North Korea threatened to use a nuclear weapon against Japan and turn the U.S. into "ashes and darkness" for passing fresh United Nations sanctions earlier this week — fiery rhetoric that is likely to exacerbate tensions in North Asia.

"Japan is no longer needed to exist near us," the state-run Korean Central News Agency said Thursday, citing a statement by the Korea Asia-Pacific Peace Committee. "The four islands of the archipelago should be sunken into the sea by the nuclear bomb of Juche," it said, a reference to the regime's ideology of self-reliance.

Japanese Chief Cabinet Secretary Yoshihide Suga called the comments, which sent the Korean won lower, "extremely provocative."

"If North Korea stays the course that it is on, it will increasingly become isolated from the world," Suga said. "Through implementing the new United Nations Security Council resolution and related agreements, the international community as a whole needs to maximize pressure on North Korea so that it will change its policy."

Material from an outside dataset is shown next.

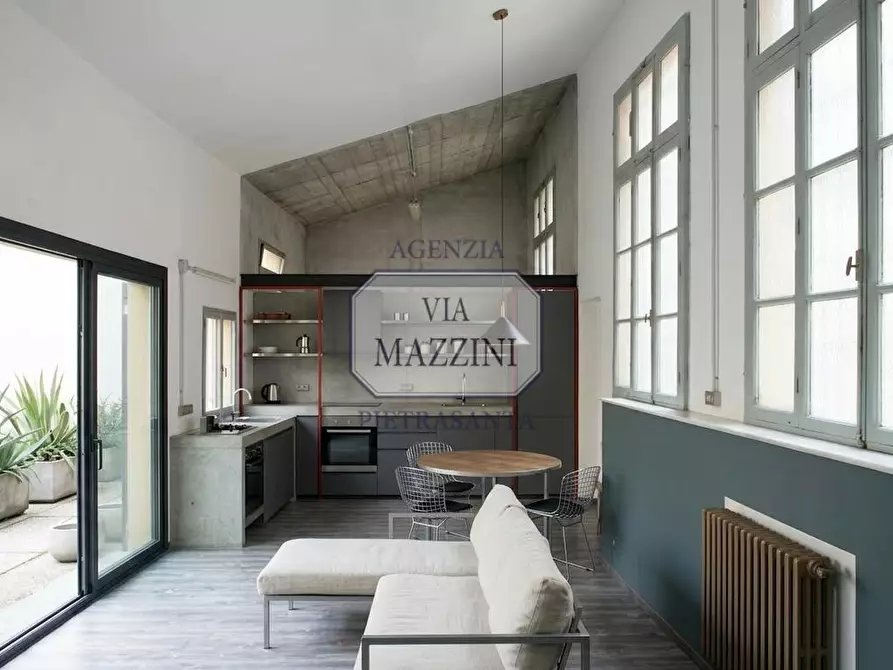 Immagine 10 di Loft/Open space in vendita  a Pietrasanta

The latest U.N. sanctions follow North Korea's sixth and most powerful nuclear test earlier this month. In late August, the regime launched a ballistic missile over northern Japan in what it said was "muscle-flexing" to protest annual military drills between the U.S. and South Korea. Leader Kim Jong Un called it a "meaningful prelude" to containing Guam. North Korea previously threatened to launch rockets over Japan into the Pacific and toward the U.S. territory.